Segment Open

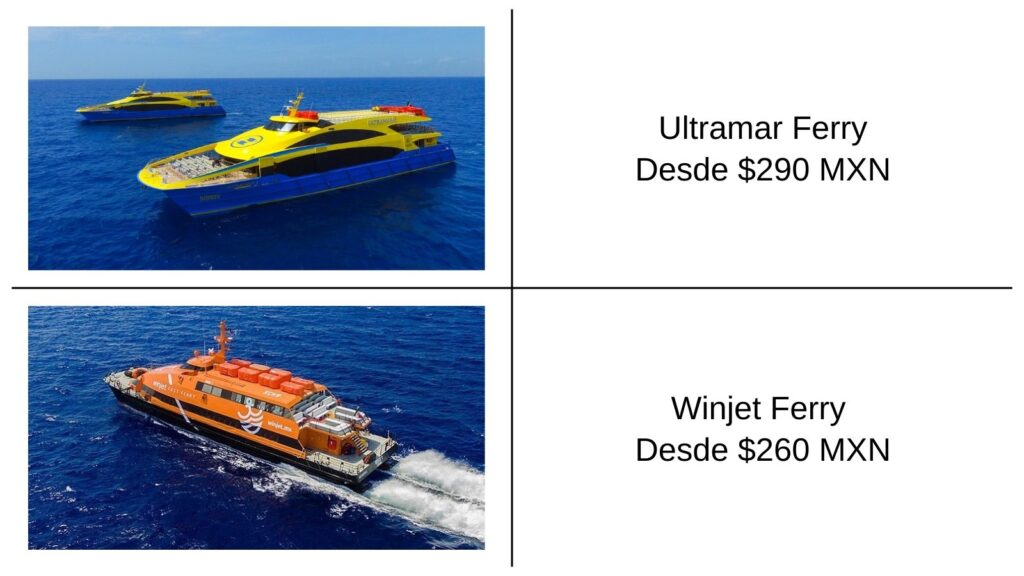 Prix ferry Playa del Carmen - Cozumel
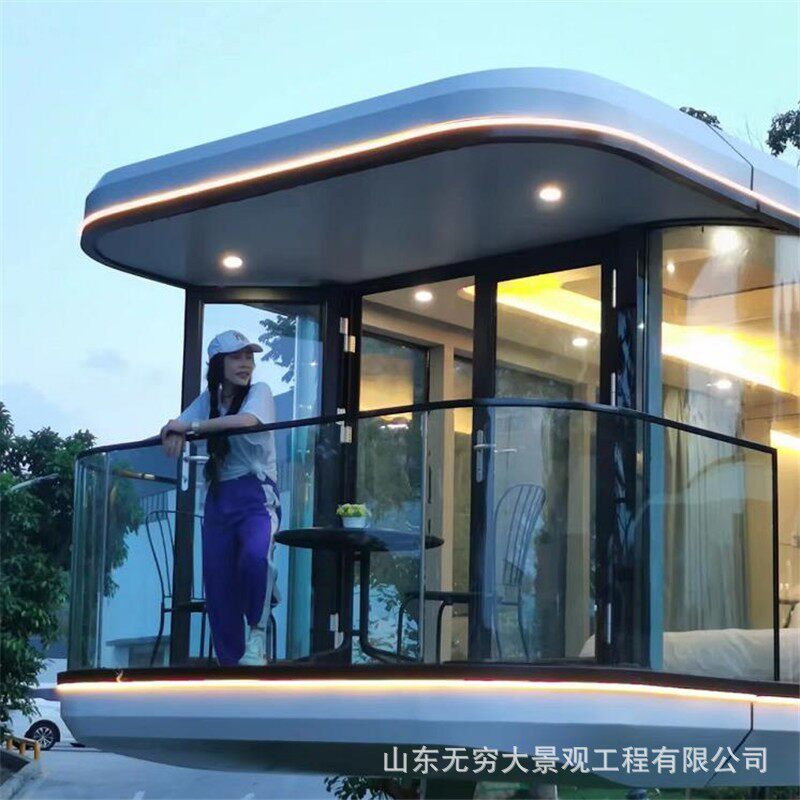 岗亭门卫新款出炉工厂按需制作方舱民宿酒店太空舱房屋造型厂家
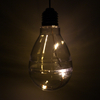 Solar Hanging Light Bulb Clear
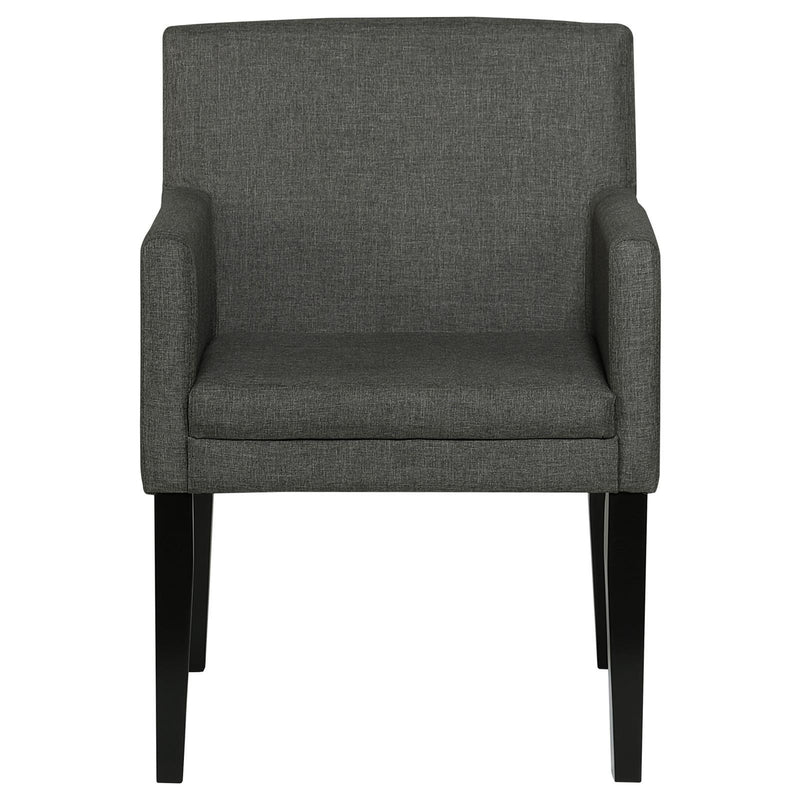  Coaster Furniture Catherine 106252 Upholstered Dining Arm Chair - Grey IMAGE 3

Segment Closed

* [Work item]:
Copy the material above word for word, images excluded.

* [The answer]:
 Prix ferry Playa del Carmen - Cozumel
 岗亭门卫新款出炉工厂按需制作方舱民宿酒店太空舱房屋造型厂家
 Solar Hanging Light Bulb Clear
  Coaster Furniture Catherine 106252 Upholstered Dining Arm Chair - Grey IMAGE 3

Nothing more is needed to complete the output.